Baca berita tanpa iklan. Gabung Kompas.com+

Saat KPU Dikhawatirkan Bakal Dirusak untuk Jadi Alat Tunda Pemilu 2024...

Kompas.com - 17/03/2022, 08:32 WIB
Mutia Fauzia,
Dani Prabowo

Tim Redaksi

JAKARTA, KOMPAS. com - Wacana penundaan Pemilu 2024 memunculkan kekhawatiran tersendiri, terutama bagi penyelenggara pemilu, untuk kelak dijadikan alat guna menggolkan wacana ini.

Pasalnya, penundaan Pemilu 2024 yang berimplikasi terhadap perpanjangan masa jabatan Presiden Joko Widodo itu, tidak mungkin terealisasikan tanpa mengamandemen konstitusi negara.

Pakar hukum tata negara Universitas Gadjah Mada (UGM) Zainal Arifin Mochtar mengungkap, setidaknya ada dua skenario yang mungkin terjadi untuk memperpanjang masa jabatan tersebut.
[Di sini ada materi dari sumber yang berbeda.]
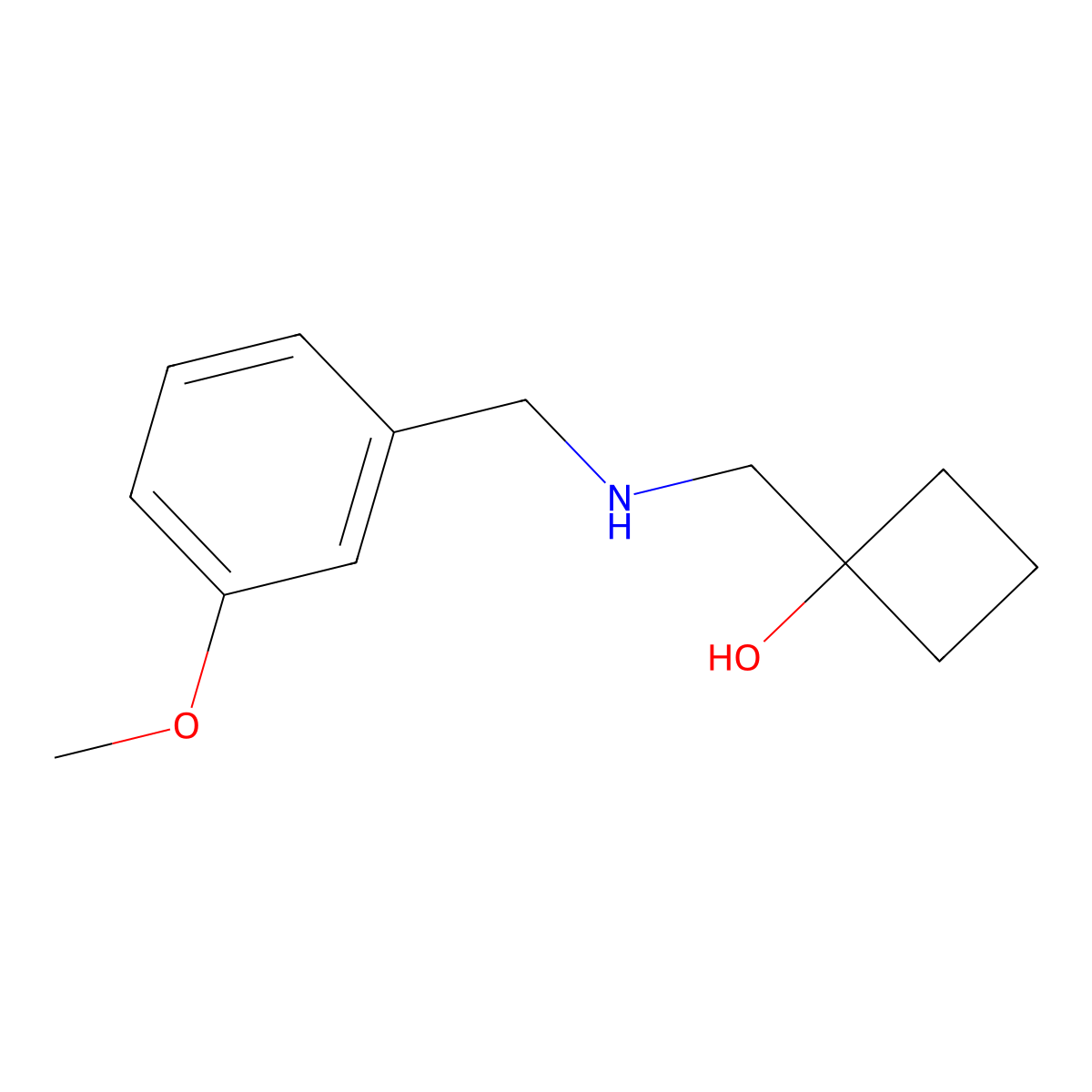 1-({[(3-Methoxyphenyl)methyl]amino}methyl)cyclobutan-1-ol molecular structure, CAS 1602323-48-7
Pertama, Komisi Pemilihan Umum (KPU) sebagai penyelenggara pemilu, dijadikan alat oleh para elite politik yang mendukung perpanjangan masa jabatan presiden untuk memuluskan wacana mereka.

Diketahui, ada dua anak buah Jokowi yang mewacanakan hal ini, yakni Menteri Koordinator bidang Perekonomian yang juga Ketua Umum Partai Golkar Airlangga Hartarto dan Menteri Koordinator bidang Kemaritiman dan Investasi Luhut Binsar Pandjaitan.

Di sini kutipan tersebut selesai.